Over the years, health professionals are constantly hammering us about the harmful effects of trans fats and why we should stay clear of them. The food industry is not oblivious to this, and they eventually follow the trend. By now, many big name companies are proudly selling no-trans fat products. Of course, these products do not automatically make them healthy, but they are nevertheless healthier than they once were.
While trans fat can be naturally found in animal food sources, they can also be artificially created thanks to manufacturing techniques. Processed foods are often loaded with artificial trans fat, mainly deriving from partially hydrogenated oils. But get this: cooking can create trans fat as well.
A team of researchers from India sought to evaluate the formation of trans fat following the heating/frying process of various oils/fats.
No need for high-end industrial gadgets to create trans fats after all.
About Trans Fats
Trans fats are the villain of the bunch, causing more damage to the body than saturated fats. They are known to cut down the good cholesterol and elevate the bad cholesterol in our body. Some studies suggest a possible link between the consumption of trans fats and the development of insulin resistance and type 2 diabetes.
The formation of trans fats depends on two major cooking factors: the temperature of the oil and the number of time it is reused. Longer cooking time, multiple usages, and higher temperature generate more trans fat. Some European guidelines recommend keeping the frying oil below 180°C to limit the formation of trans fat.
The researchers selected six fats/oils that are commonly used in Indian cuisine to conduct their experiment: refined soybean oil, refined groundnut oil, refined olive oil, refined rapeseed oil, clarified butter (ghee), and partially hydrogenated oil. Oils and fats underwent two cooking temperature: 180°C and 220°C. Frying and heating were repeated four times each and sample of oils were collected for analysis.
Both cooking temperature led to an increase of trans fats, saturated fats, and a reduction of cis-unsaturated fatty acids.

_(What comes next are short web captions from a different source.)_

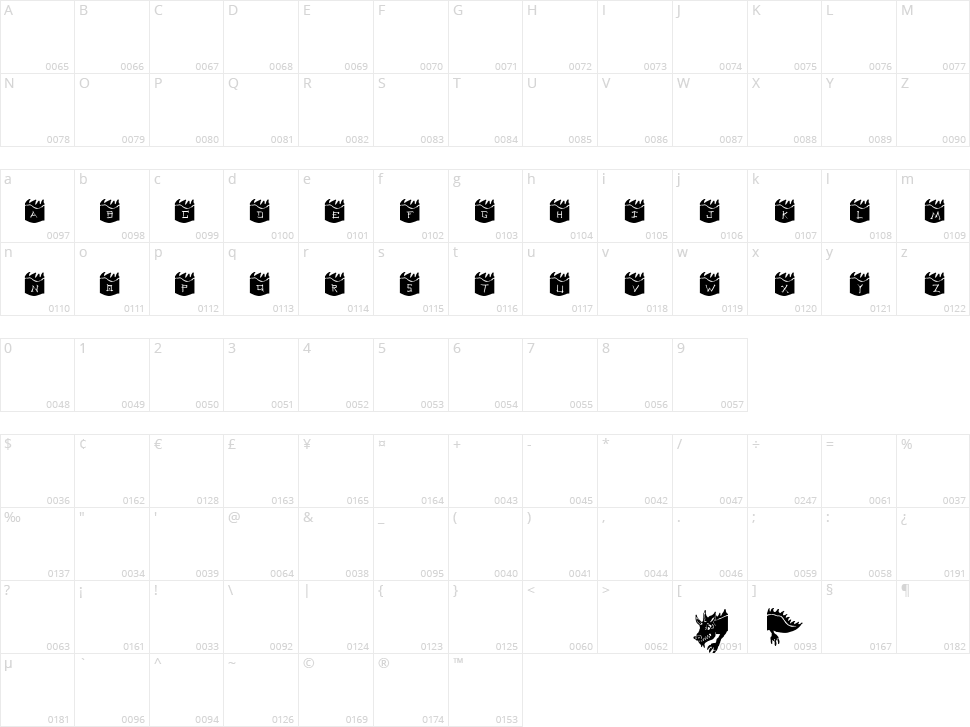 Dragoon Character Map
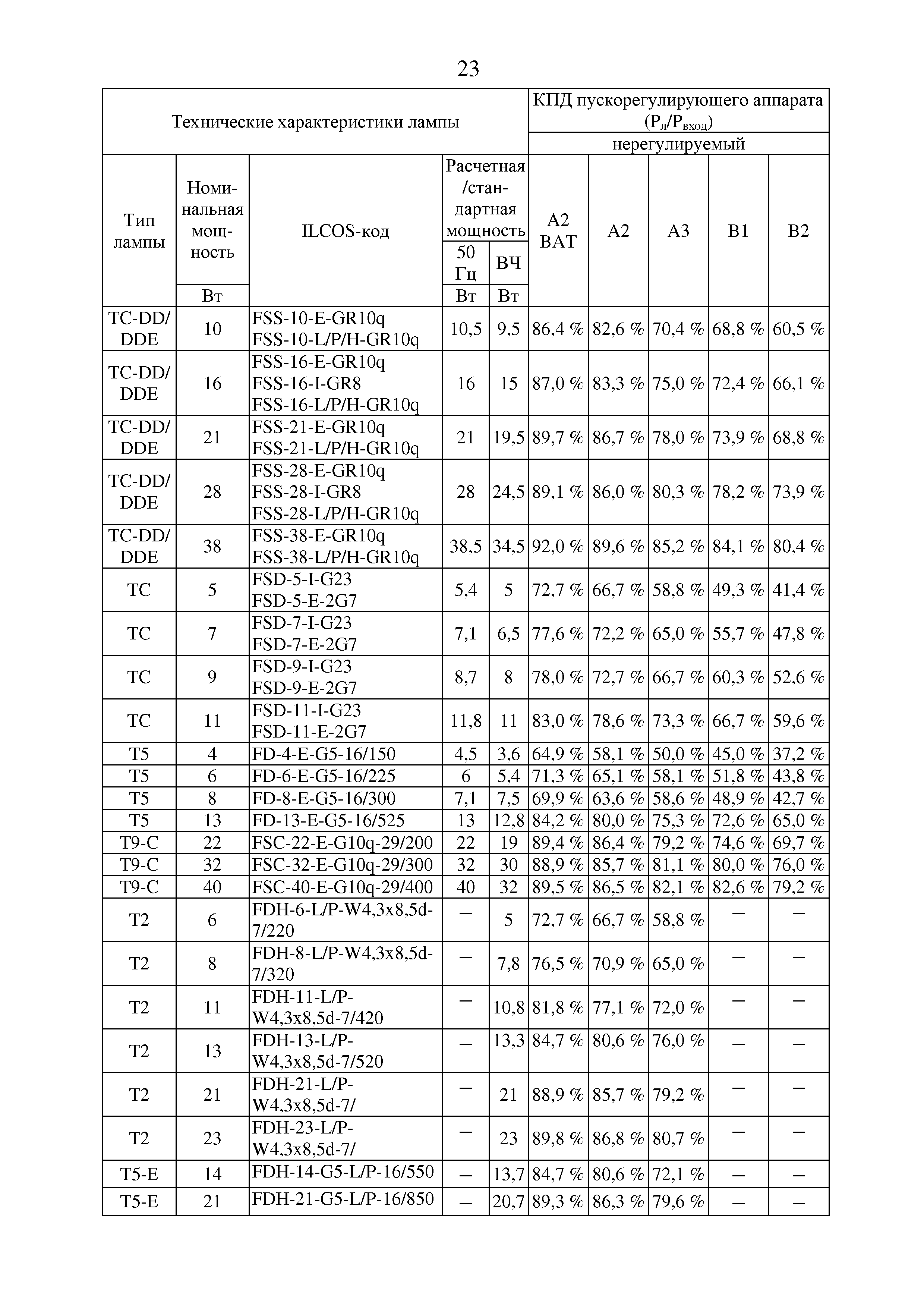 ТР ЕАЭС 048/2019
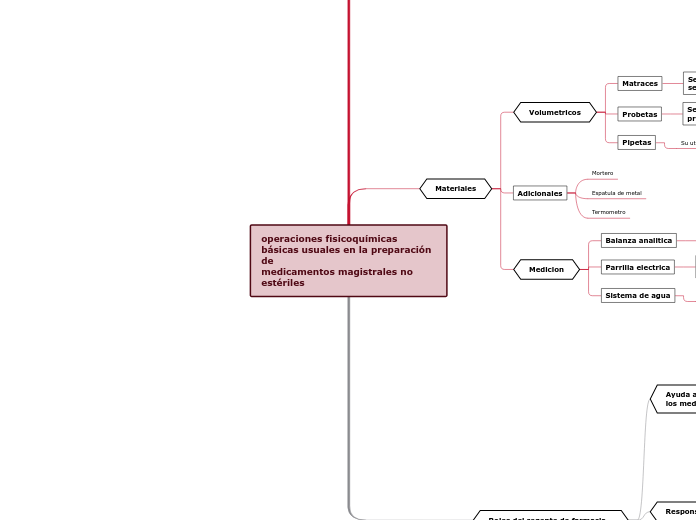 operaciones fisicoquímicas básicas usuales en la preparación de
medicamentos magistrales no estériles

“Although there were significant variations in the amount of TFA [trans fatty acids] formation depending upon the fat/oil (p < 0.001), the overall trend indicated an increase in formation of TFA on subsequent heating/frying,” reported the authors.
The absolute net change in trans fat content reaches nearly 4 g/100 g, with no significant difference between frying and heating.
Bottom line: Reusing oil, cooking at high temperature, and long cooking time appear to be a winning combination for the formation of trans fats.